(The records):
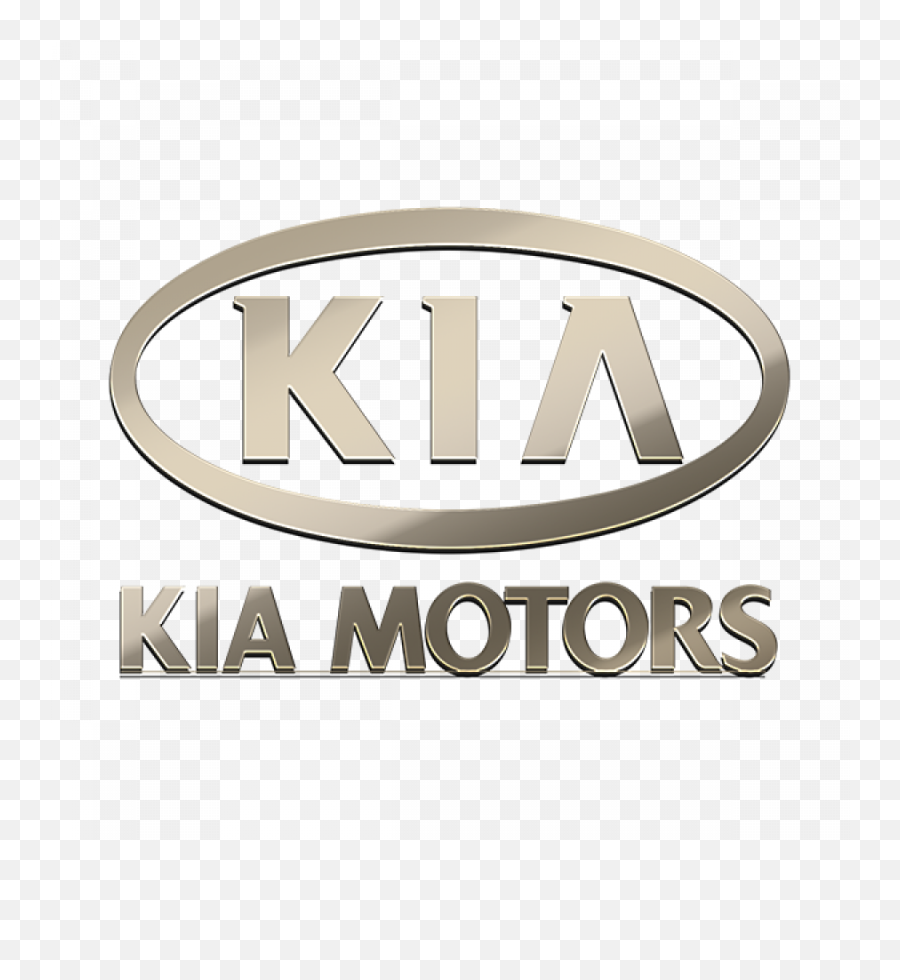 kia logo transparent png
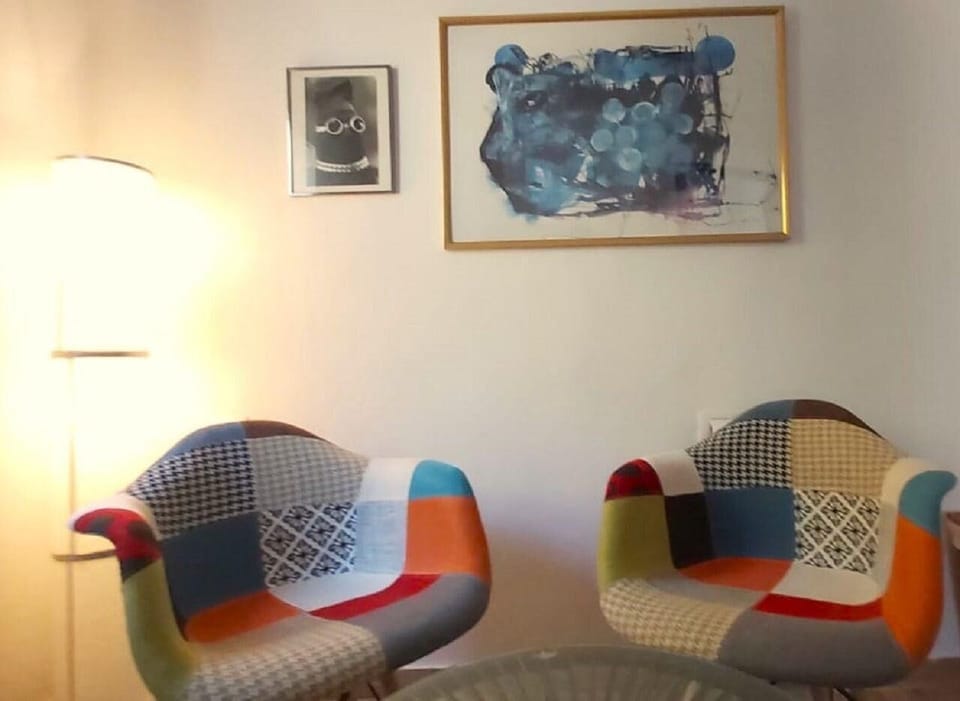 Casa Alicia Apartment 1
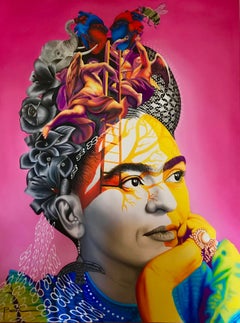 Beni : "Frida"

--

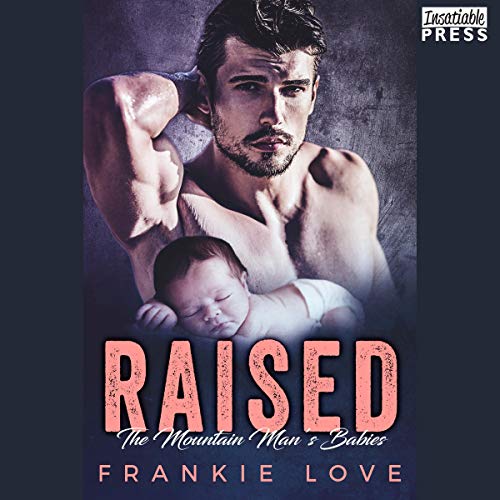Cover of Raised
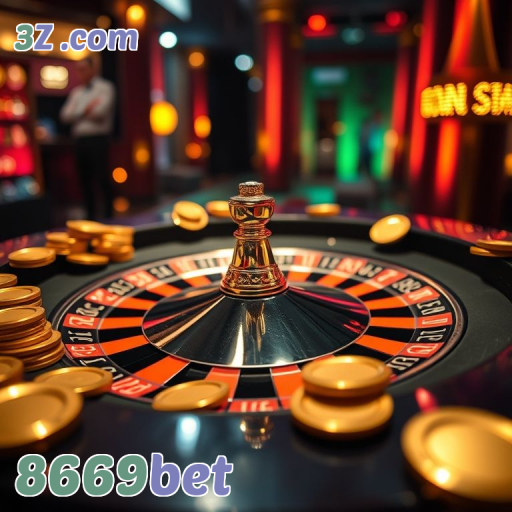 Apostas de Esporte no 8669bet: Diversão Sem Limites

(Problem statement):
Using the data above, copy exactly the lines from the one containing "Cover of Raised" to the one containing "Apostas de Esporte", inclusive. Exclude the pictures.

(Reply to the exercise):
Cover of Raised
 Apostas de Esporte no 8669bet: Diversão Sem Limites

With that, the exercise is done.